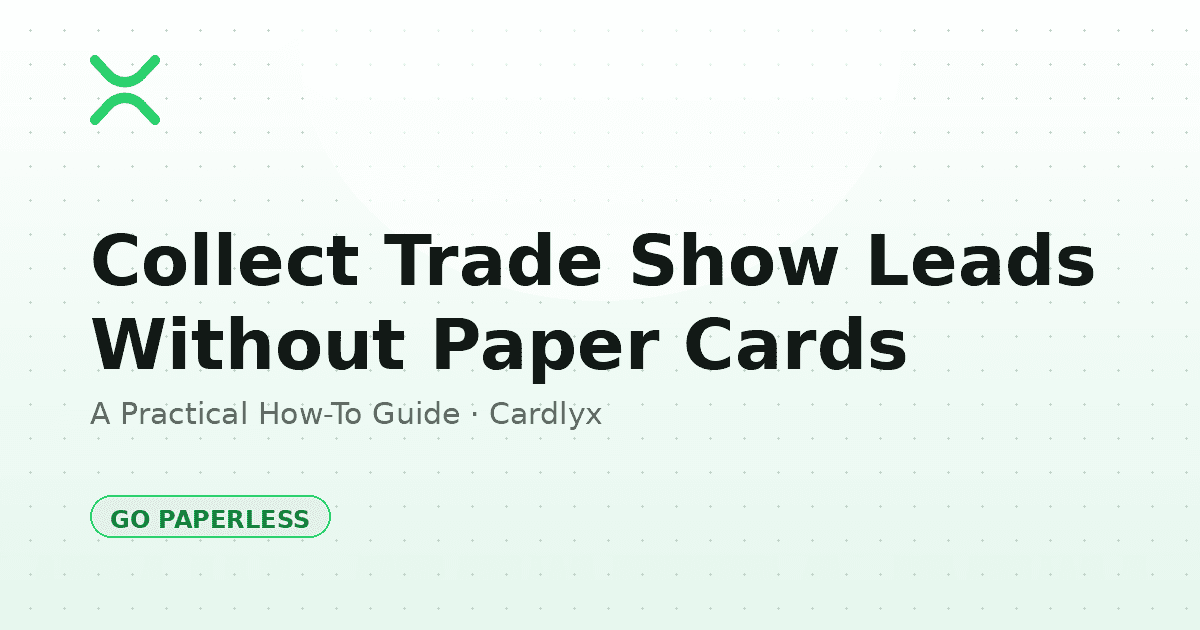 How to Collect Leads at Trade Shows Without Paper Business Cards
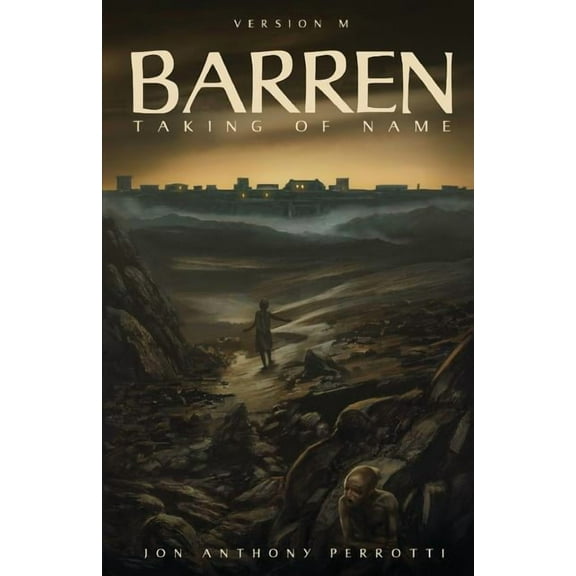 Barren Trilogy Barren: Taking of Name (version M), Book 1, (Paperback)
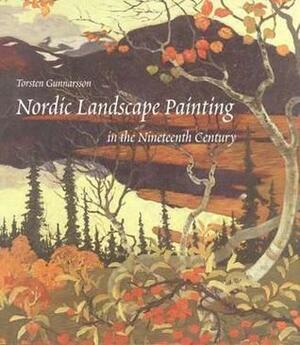 Nordic Landscape Painting in the Nineteenth Century by Torsten Gunnarsson, Nancy Adler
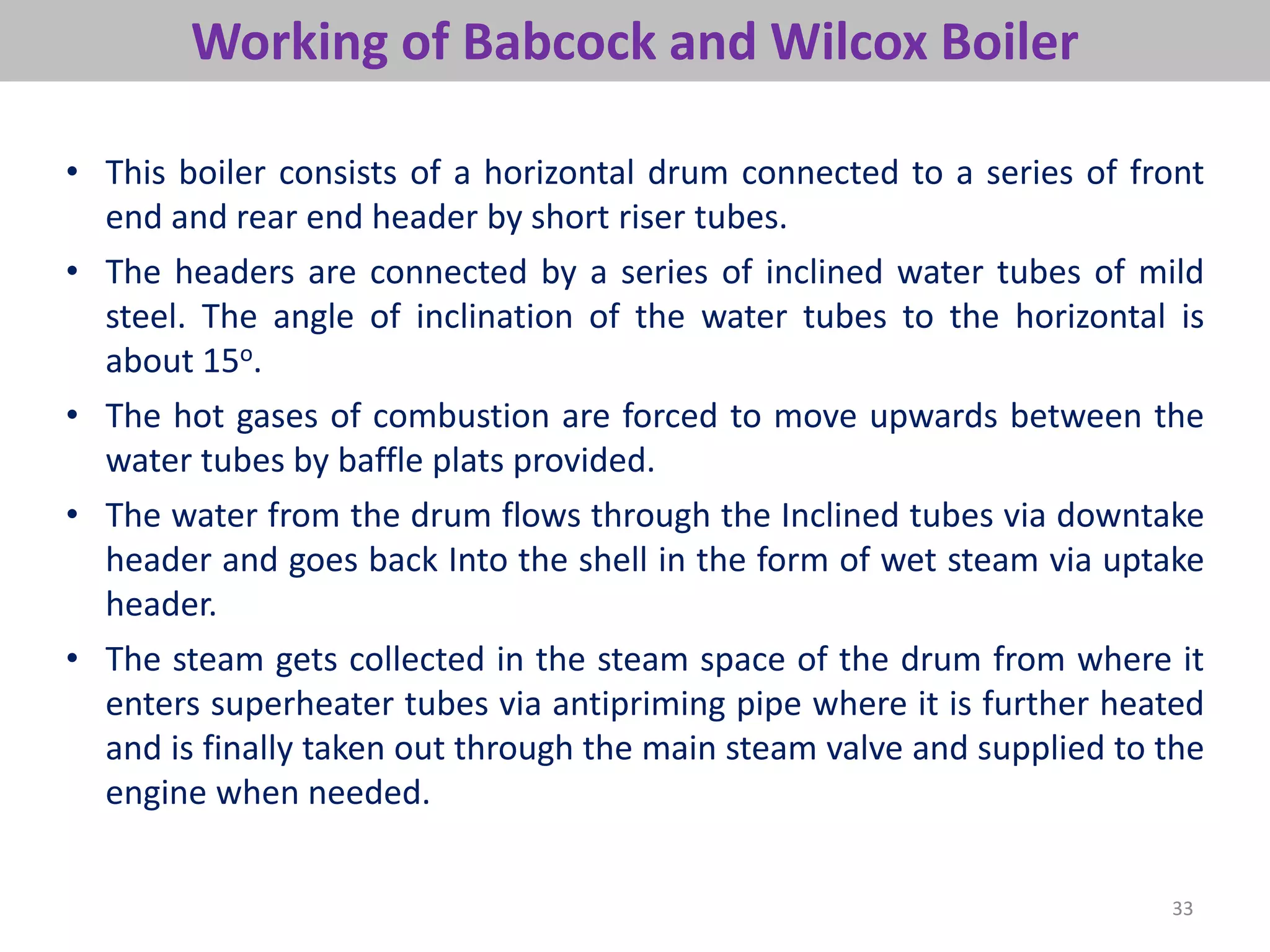 33
Working of Babcock and Wilcox Boiler
• This boiler consists of a horizontal drum connected to a series of front
end and rear end header by short riser tubes.
• The headers are connected by a series of inclined water tubes of mild
steel. The angle of inclination of the water tubes to the horizontal is
about 15o.
• The hot gases of combustion are forced to move upwards between the
water tubes by baffle plats provided.
• The water from the drum flows through the Inclined tubes via downtake
header and goes back Into the shell in the form of wet steam via uptake
header.
• The steam gets collected in the steam space of the drum from where it
enters superheater tubes via antipriming pipe where it is further heated
and is finally taken out through the main steam valve and supplied to the
engine when needed.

*WHAT IS BEING ASKED*
Look for "horizontal" in each line of the material, then copy the lines where it is found.

*THE COMPLETED TASK*
• This boiler consists of a horizontal drum connected to a series of front
steel. The angle of inclination of the water tubes to the horizontal is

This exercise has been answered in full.